Unfortunately, the assemblage doesn’t cohere, as the Jeune Lunes’ ride on Mozart’s coattails reveals more disparity of intention and purpose than the sensational collage effects it tries to muster.
Mozart and da Ponte themselves realized what da Ponte claimed was a new kind of musical theater, at about the same time a new dramaturgy, pioneered by Diderot in France and Lessing in Germany, was being formulated of synaesthetic “tableaux” that Lessing called “pregnant moments,” images by which the whole picture, the tension and conflict of an entire play could be caught.
Musician and critic Charles Rosen validated da Ponte’s claim to a similar advance in opera, overcoming the old effects of “coup-de-theatre” in plot and music through a close marriage of text and music by use of sonata forms, constantly building and resolving conflict musically along with the shifts in dramatic focus.
Whenever the fine operatic singers and actors (Christina Baldwin, Baldwin Peden, Carrie Hennessey, Bryan Janssen, Momoko Tanno and Bryan Boyce and their alternates) appear—especially in the longer excerpts pasted into the second act, when the poetic structure, both musical and dramatic, can be sensed more fully—the anachronistic pastiche is refreshed by the original’s still astounding transparency, in which all manner of conflicting, even contradictory motives and actions are revealed (and studied) at once, yet still keep the freshness and humorous insouciance of opera buffa.
The insouciance and simultaneity of what Epp and Serrand try to do is something else again, not a montage, but just a pastiche that attempts to pair unlike elements into an ungainly happy synthesis.
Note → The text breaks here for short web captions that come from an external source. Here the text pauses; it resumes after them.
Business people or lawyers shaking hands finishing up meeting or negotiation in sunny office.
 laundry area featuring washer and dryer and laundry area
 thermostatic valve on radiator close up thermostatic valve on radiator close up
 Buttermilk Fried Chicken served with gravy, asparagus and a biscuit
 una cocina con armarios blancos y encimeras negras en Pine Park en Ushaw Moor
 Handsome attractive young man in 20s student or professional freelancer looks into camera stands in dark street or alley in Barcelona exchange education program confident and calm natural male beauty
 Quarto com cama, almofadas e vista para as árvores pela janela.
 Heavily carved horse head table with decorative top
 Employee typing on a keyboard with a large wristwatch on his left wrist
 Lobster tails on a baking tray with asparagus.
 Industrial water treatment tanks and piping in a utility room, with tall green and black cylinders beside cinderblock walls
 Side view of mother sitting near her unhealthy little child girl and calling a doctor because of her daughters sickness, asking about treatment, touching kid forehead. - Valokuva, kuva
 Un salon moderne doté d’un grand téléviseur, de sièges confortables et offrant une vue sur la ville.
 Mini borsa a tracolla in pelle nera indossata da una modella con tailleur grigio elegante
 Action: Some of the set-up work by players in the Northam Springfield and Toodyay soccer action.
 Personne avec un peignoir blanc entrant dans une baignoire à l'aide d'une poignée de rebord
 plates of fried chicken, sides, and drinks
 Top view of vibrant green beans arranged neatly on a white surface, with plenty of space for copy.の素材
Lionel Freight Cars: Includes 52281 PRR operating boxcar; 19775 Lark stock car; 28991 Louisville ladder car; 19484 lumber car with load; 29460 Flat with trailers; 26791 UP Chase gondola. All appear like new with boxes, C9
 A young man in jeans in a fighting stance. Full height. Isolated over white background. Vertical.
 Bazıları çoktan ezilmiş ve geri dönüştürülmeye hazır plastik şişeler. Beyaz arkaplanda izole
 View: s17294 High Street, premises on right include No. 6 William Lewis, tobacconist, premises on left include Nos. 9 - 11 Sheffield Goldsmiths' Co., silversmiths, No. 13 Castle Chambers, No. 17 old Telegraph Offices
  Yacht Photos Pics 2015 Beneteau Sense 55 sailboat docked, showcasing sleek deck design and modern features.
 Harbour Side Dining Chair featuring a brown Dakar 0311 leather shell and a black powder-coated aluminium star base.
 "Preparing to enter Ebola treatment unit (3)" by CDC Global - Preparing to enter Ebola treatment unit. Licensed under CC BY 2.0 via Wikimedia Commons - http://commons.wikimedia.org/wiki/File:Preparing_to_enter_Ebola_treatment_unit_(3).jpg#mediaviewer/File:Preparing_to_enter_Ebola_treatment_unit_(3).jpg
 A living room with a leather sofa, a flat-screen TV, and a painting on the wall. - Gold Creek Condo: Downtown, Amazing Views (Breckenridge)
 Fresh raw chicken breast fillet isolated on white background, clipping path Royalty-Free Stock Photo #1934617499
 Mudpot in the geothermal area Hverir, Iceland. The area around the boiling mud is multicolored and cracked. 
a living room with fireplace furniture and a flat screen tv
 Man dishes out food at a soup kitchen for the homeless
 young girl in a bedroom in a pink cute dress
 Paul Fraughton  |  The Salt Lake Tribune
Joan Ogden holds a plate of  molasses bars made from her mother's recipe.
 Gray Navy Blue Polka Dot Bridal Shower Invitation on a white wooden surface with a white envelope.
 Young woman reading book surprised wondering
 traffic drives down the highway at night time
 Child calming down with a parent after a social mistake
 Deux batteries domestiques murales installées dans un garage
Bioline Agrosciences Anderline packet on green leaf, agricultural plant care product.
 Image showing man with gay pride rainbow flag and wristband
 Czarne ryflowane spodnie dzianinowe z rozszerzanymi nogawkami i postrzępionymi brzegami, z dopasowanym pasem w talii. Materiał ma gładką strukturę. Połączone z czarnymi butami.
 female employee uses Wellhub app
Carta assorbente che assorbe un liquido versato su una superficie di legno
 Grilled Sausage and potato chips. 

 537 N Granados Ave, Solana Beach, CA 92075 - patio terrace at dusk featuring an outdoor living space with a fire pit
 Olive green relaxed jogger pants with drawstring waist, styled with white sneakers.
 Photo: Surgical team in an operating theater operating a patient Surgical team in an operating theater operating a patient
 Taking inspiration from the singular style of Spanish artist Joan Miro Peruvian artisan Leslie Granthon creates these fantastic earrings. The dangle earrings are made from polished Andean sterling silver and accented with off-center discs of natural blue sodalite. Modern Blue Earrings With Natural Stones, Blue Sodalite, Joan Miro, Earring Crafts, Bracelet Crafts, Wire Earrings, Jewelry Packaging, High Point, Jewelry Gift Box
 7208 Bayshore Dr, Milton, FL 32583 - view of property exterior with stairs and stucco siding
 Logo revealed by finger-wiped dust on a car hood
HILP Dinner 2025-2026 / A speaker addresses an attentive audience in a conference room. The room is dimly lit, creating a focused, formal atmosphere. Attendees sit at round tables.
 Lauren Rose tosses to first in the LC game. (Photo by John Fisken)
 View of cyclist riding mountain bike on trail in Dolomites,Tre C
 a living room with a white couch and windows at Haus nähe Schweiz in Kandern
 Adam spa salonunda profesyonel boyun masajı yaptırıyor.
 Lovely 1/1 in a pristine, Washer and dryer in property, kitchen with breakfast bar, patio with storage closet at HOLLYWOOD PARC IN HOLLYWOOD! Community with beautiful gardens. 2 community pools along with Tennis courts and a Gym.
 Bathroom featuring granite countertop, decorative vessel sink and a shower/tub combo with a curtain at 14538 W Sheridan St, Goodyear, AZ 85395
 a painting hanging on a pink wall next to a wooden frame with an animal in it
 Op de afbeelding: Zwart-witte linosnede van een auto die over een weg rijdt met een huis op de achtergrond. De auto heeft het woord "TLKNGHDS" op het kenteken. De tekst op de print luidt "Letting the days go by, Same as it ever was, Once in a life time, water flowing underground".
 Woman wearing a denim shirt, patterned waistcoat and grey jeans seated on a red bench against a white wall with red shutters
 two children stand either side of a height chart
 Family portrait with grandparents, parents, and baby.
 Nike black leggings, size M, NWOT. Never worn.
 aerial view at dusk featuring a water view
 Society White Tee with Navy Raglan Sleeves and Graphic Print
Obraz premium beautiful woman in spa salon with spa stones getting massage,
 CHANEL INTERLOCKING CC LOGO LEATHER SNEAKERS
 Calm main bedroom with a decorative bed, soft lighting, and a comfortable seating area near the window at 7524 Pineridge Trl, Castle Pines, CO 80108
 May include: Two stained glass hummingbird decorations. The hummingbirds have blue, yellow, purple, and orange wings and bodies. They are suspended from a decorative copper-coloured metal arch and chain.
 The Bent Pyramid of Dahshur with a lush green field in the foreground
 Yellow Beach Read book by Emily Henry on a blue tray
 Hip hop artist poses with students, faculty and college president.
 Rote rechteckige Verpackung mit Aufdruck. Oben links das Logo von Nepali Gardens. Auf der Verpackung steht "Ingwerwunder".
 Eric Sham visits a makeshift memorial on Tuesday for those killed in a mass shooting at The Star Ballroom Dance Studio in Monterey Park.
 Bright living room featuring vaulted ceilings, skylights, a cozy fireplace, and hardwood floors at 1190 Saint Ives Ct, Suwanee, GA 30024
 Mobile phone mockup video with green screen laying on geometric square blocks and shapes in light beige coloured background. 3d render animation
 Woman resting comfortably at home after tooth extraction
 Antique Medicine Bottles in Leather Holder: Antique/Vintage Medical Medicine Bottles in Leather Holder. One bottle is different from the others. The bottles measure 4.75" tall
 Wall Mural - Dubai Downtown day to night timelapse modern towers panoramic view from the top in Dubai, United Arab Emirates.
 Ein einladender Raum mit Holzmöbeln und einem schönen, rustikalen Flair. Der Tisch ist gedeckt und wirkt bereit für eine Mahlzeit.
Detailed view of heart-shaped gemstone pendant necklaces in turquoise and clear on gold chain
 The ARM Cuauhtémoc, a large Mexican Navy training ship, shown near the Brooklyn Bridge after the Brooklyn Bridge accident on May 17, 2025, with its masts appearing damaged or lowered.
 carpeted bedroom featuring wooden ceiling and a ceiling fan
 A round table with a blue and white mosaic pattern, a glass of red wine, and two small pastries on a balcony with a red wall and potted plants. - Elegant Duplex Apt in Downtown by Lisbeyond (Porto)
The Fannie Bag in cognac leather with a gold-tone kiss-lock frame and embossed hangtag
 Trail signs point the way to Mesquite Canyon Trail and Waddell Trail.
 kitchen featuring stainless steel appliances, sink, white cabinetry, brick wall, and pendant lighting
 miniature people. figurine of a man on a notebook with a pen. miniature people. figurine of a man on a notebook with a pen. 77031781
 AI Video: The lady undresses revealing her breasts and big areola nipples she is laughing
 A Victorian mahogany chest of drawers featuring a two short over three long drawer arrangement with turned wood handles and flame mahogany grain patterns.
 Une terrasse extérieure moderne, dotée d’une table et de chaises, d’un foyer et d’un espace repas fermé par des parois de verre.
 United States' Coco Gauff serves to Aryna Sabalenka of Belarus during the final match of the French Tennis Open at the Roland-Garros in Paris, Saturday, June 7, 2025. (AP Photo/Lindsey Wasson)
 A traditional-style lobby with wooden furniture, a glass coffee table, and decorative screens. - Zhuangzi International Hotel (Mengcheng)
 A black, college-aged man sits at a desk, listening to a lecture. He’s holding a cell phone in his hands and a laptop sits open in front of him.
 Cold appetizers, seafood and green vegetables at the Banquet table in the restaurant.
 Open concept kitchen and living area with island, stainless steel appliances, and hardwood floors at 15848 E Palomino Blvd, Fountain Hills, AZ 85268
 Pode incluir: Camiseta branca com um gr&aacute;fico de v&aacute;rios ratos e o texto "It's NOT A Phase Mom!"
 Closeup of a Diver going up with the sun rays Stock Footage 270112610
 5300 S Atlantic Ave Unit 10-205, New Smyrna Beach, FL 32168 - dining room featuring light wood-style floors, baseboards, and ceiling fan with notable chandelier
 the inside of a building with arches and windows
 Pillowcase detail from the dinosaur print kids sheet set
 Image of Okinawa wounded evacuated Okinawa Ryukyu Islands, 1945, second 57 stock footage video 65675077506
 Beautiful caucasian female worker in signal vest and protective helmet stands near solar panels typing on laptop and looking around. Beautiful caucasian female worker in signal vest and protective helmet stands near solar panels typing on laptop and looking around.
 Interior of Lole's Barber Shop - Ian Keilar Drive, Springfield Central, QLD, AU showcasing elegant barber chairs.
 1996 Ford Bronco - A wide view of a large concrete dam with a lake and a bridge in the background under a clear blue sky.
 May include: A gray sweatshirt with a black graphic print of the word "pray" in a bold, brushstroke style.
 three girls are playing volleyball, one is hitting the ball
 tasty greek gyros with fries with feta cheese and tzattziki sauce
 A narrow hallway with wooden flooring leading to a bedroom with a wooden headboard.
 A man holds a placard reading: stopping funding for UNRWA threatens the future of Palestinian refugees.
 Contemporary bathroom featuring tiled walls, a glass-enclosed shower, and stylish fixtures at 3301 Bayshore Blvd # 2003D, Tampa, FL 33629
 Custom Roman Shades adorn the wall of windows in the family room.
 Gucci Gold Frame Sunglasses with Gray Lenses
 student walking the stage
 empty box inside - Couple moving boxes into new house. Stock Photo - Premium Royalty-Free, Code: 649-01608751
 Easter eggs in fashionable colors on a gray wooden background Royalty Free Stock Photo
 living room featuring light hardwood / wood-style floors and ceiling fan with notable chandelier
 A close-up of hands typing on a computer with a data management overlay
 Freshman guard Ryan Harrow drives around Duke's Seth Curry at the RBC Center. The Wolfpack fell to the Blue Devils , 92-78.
There’s no sense of montage here, just a kind of willy-nilly slopping together and dreary repetition.
What starts out fresh—the sudden appearances of the singers from a soon-overworked trick bed (no stage magician would ever beat dead horsehair like that for an effect) or the abrupt skittering of actors and singers across the stage—is repeated ad nauseum, providing neither compliment nor contrast to the miraculous marriage of music and text in the opera.
When the singers are in the camera’s eye, projected on screen, it makes sense, matching what Rosen identifies as another key feature of the opera’s innovatory invention: duos and trios advancing the story, not recitivo filling in.
When the camera focuses on Epp in his endless way-behind-the-beat expository reminiscences and routines in close-up, it defeats the purpose of being paired as a reflection of its original, like the talking heads in PBS opera programs that are the death of the surprising 220-year-old spontaneity of da Ponte and Mozart’s accomplishment.
(A better example of how to draw from such masters would be Ingmar Bergman’s film Hour of the Wolf, based on inverting the story of ‘The Magic Flute’—though Bergman only shows a scene from the original, with ironic commentary, as a creepy puppet show.)
Given Epp and Serrand’s errant direction, as if they were slipping on hidden banana peels while doing their adaptation, drawing attention to their own antics after capturing the audience with rivetting operatics, the play should be retitled Figaro & Me.
Bradley Greenwald’s musical adaptation, a “miniaturization” for a chamber group, and that group’s playing, prove to be fine.
Postmodern critical theory discusses irony and longing at great length. Here, the longing is over-attenuated and the irony is anachronistic: It is a pre-revolutionary opera, in which Mozart and da Ponte made high art from something approaching farce or burlesque, which refreshes our tired postmodern stage conventions.